Truth be told, you could write the same exact story nearly word-for-word in past or present tense. The difference lies in the way you’d like the novel to feel.

You see, while present tense’s effectiveness is largely due to its immediacy, past tense’s reflective nature is its great strength. The connotations of past tense are entirely different from present—in present tense the narrator is telling the reader the story as it happens, while in past tense the narrator is retelling the story events to the reader. In past tense, the narrator already knows how the story ends—in present, he does not.

Between the two, past tense is the more realistic tense. By this I mean it’s much easier to believe that the character is retelling their story than it is to believe that they’re announcing their story as it happens. We retell stories to friends and family all the time, and when we do it’s obviously in past tense. Reading novels in past tense, then, feels much more natural—which is a large advantage. While it’s not unheard of for a reader to dislike a book because it was written in present tense, very rarely will you find a reader who disliked a book simply because it was written in past tense.

Let’s take a look at one of my favorite lines from The Catcher in the Rye by J.D. Salinger (via

It was that kind of a crazy afternoon, terrifically cold, and no sun out or anything, and you felt like you were disappearing every time you crossed a road.

I love this line for many reasons, but I chose to use it here because it really punctuates on the strength of past tense. If you’ve ever read The Catcher in the Rye (which I hope you have), you know that Holden Caulfield (the protagonist) is very much a reflective character. Written in present tense, I don’t think his musings would be quite as strong.

But don’t take my word for it. Let’s try translating that line into present tense:

It’s that kind of crazy afternoon, terrifically cold, and no sun out or anything, and you feel like you’re disappearing every time you cross a road.

As if often the case with this type of thing, which you like better comes down to opinion and there isn’t really a right or wrong answer per say, but the difference between the two is pretty clear. The same images are present as well as the same voice and tone—but the feel is different. In the past tense line you’re remembering—it’s as if the memory of that incredibly cold day is your own. The present tense line is more immediate—it’s cold now versus it was cold then.

For certain novels like The Catcher in the Rye where the main character is indeed a reflective character, the choice between past and present tense is pretty clear—as the reflective tense, past tense is the way to go. For other novels however, the choice isn’t as clear and it’ll depend largely on whether you (the writer) prefer an immediate or reflective feel for your novel.

Past tense is a great option and, for some writers, easier to write, but that’s not to say it doesn’t have its own hurdles to overcome. You see, when compared to present tense, past tense tends to be more difficult to establish a connection with the reader. Don’t get me wrong, I’m not saying at all that it’s impossible to make a connection with the reader with past tense, but as illustrated by my lovely closeness chart from the last post (reposted below), you start off a step further away from the reader as far as closeness goes (in case you missed it, the explanation of closeness is here).

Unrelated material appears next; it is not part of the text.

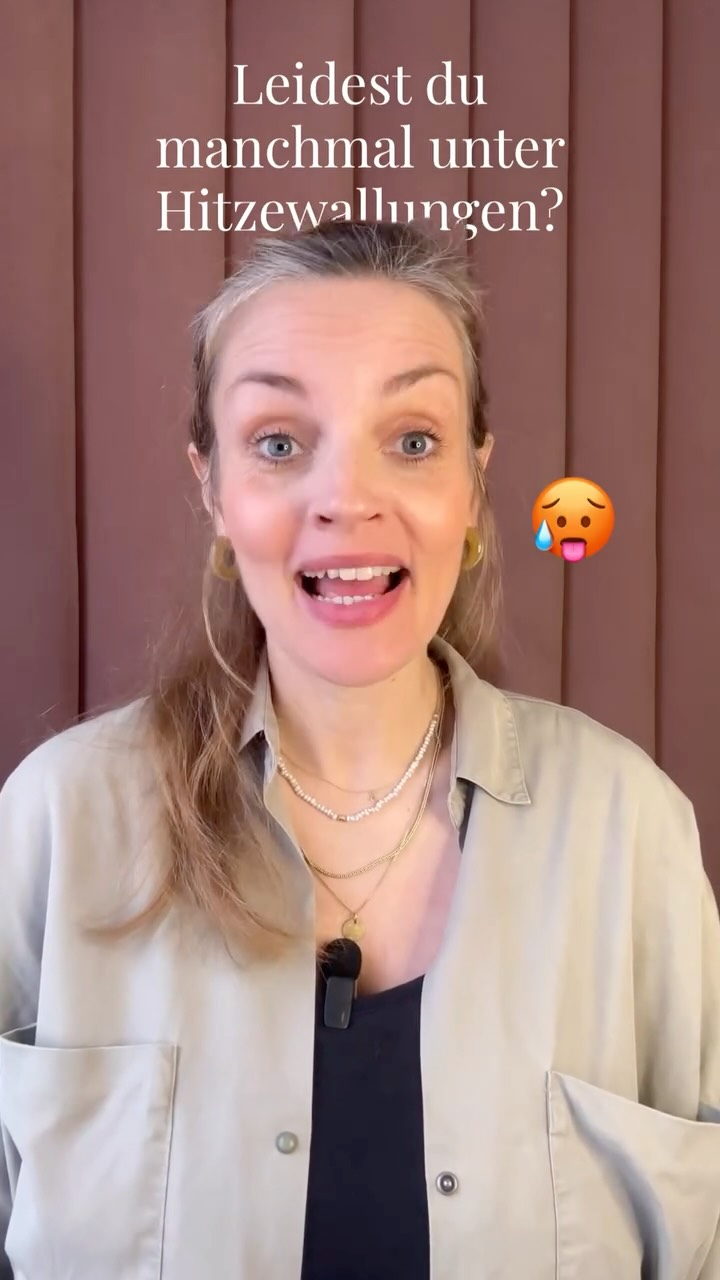 Hitzewallungen? ❤️🔥😖🥵🔥
Hier braucht es schnelle Abhilfe: ein kleiner Sprühstoß von unserem pflegenden Pitta Spray No. 02 mit selbstgemachtem Minzhydrolat wirkt Wunder und ist eine wahre Wohltat. Nicht nur im Sommer ☀️
Die kleine 30 ml Flasche passt perfekt in jede Handtasche 👜
#Menopause #hitzewallungen #hotflashes #ayurveda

It’s easy to fall into the storytelling trap with past tense—where the narrator is merely telling the story without truly connecting to the reader. It’s a hurdle, and one that can (and must be) overcome, but it’s one that you should be aware of as you work on your past-tense story.

In the end, neither past nor present tense is greater than the other—they both have their strengths and weaknesses and hurdles to overcome. Once you decide how you’d like your novel to feel however, choosing one over the other becomes markedly easier.

What do you prefer to write in—past or present tense? Do you have a preference when it comes to reading?

Why Use Present Tense?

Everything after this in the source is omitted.